Marlowe comes into her own while covering the Algerian civil war, a decade-long conflict between the government and Islamist rebel groups that left 150,000 dead. She chillingly reports on waterboarding, beheadings, and murky state-sanctioned killings.
Her account of Islamist militants entering a school during the Algerian civil war and publicly executing a girl has a particularly disturbing contemporary relevance, as schoolgirls in Taliban-controlled Afghanistan once again find themselves targeted by violent extremism and misogyny.
Time magazine, Marlowe’s previous employer in Beirut, is subject to some frank criticism in these pages: the editorial team routinely compromised the integrity of her copy, and she wonders if “Time is just an elaborate cover for US intelligence, the equivalent of Pravda and TASS in the Soviet Union”.
The memoir ends with the slow and painful disintegration of Marlowe’s marriage to Fisk, as each struggles to reckon with the other’s infidelity against the backdrop of the US invasions of Iraq and Afghanistan.
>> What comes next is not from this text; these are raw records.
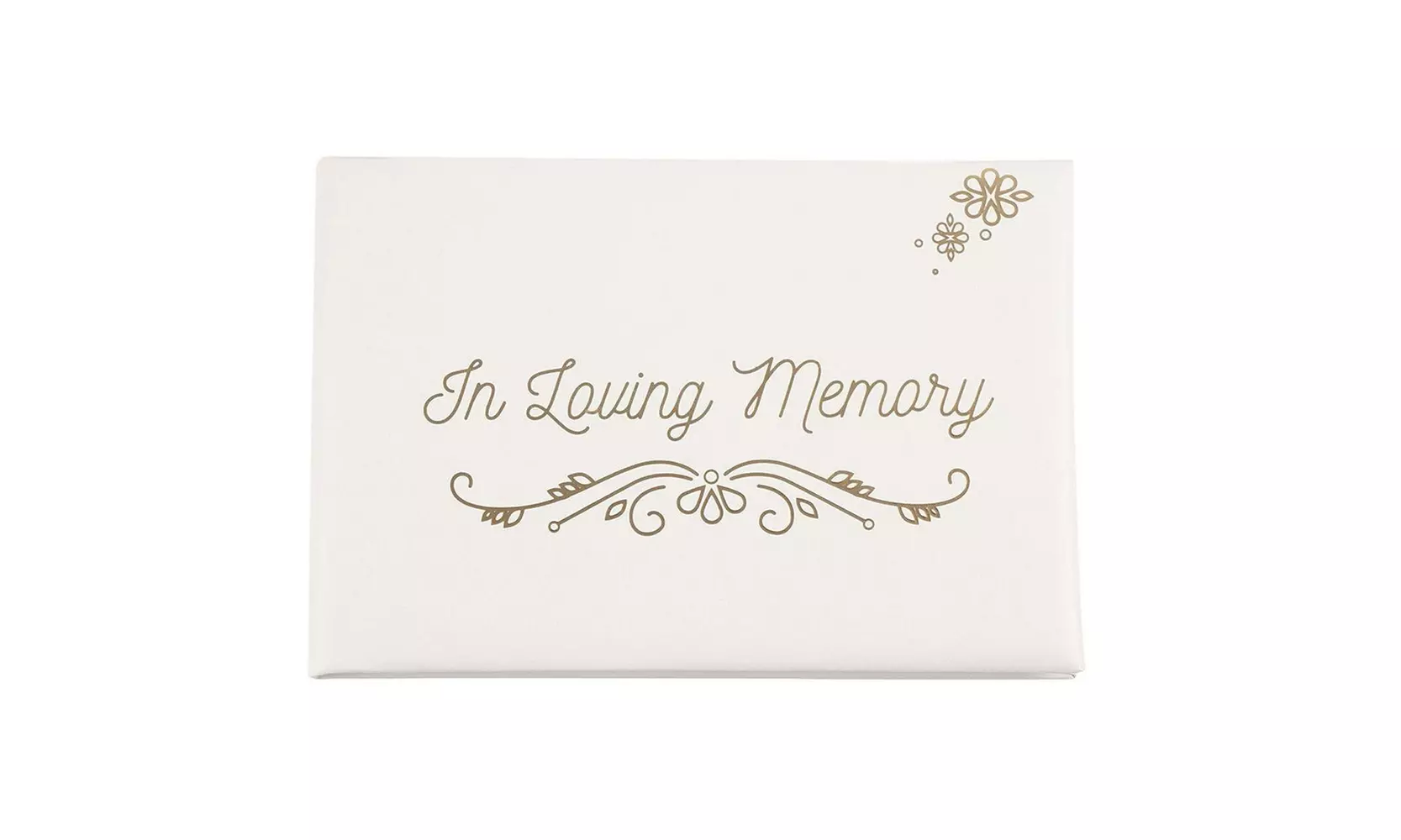 In Loving Memory Funeral Guest Book, Condolence Memorial Remembrance Book, White - Primary Image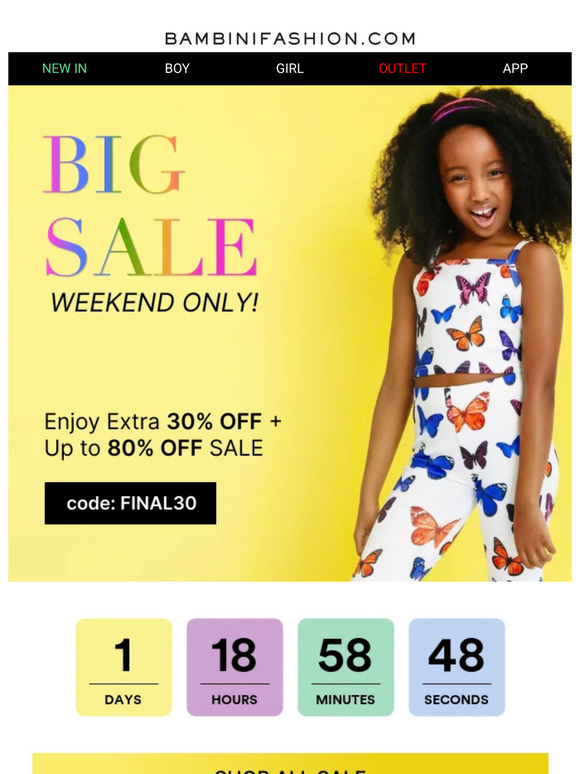 Countdown is ON: Up to 80% Off +  Extra 30% Off Sale | Shop Now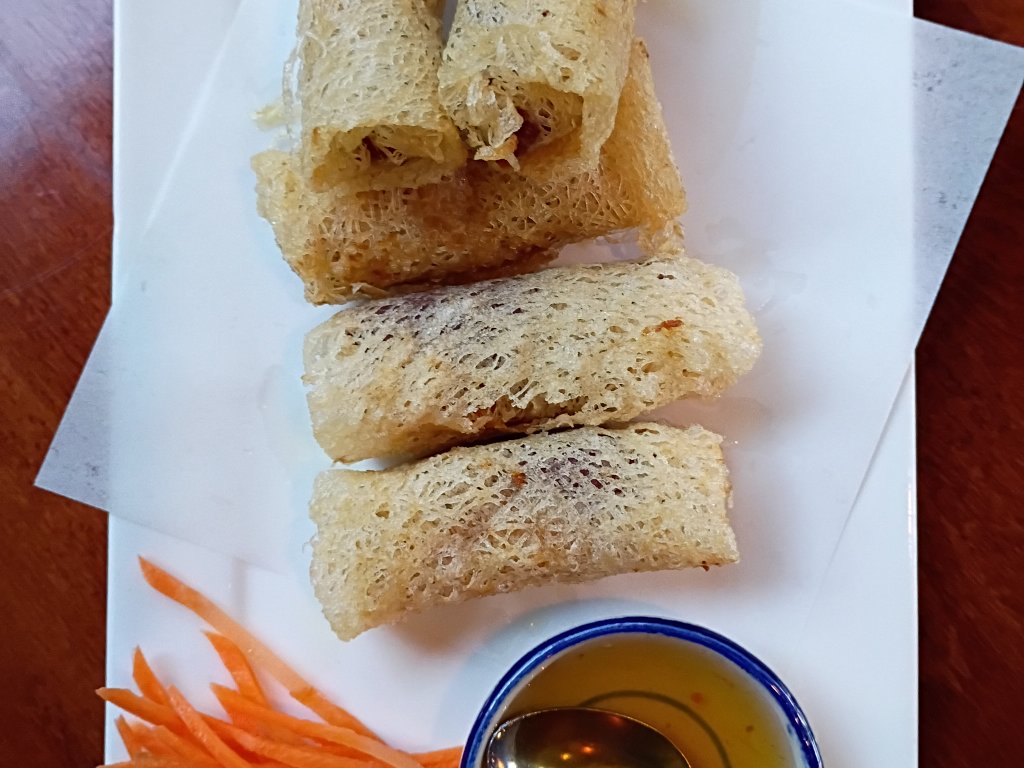 Sweet Potato Rolls at Hanuman Thai Cafe Kirkland
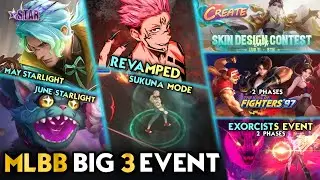 REVAMPED SUKUNA MODE | REVAMP STARLIGHT | LUO YI CREATE 5th SKIN - Mobile Legends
Marlowe is candid about her personal struggle with reconciling the “sense of betrayal that comes with the break-down of a marriage” and her gratitude and love for Fisk.
Love in a Time of War feels like a cathartic exercise, one that perhaps could not have been accomplished while Fisk was alive.
Before describing their last, chance meeting before his death, Marlowe says with the clarity that time and reflection bring: “I am proud to have been his wife and I miss his presence in the world.”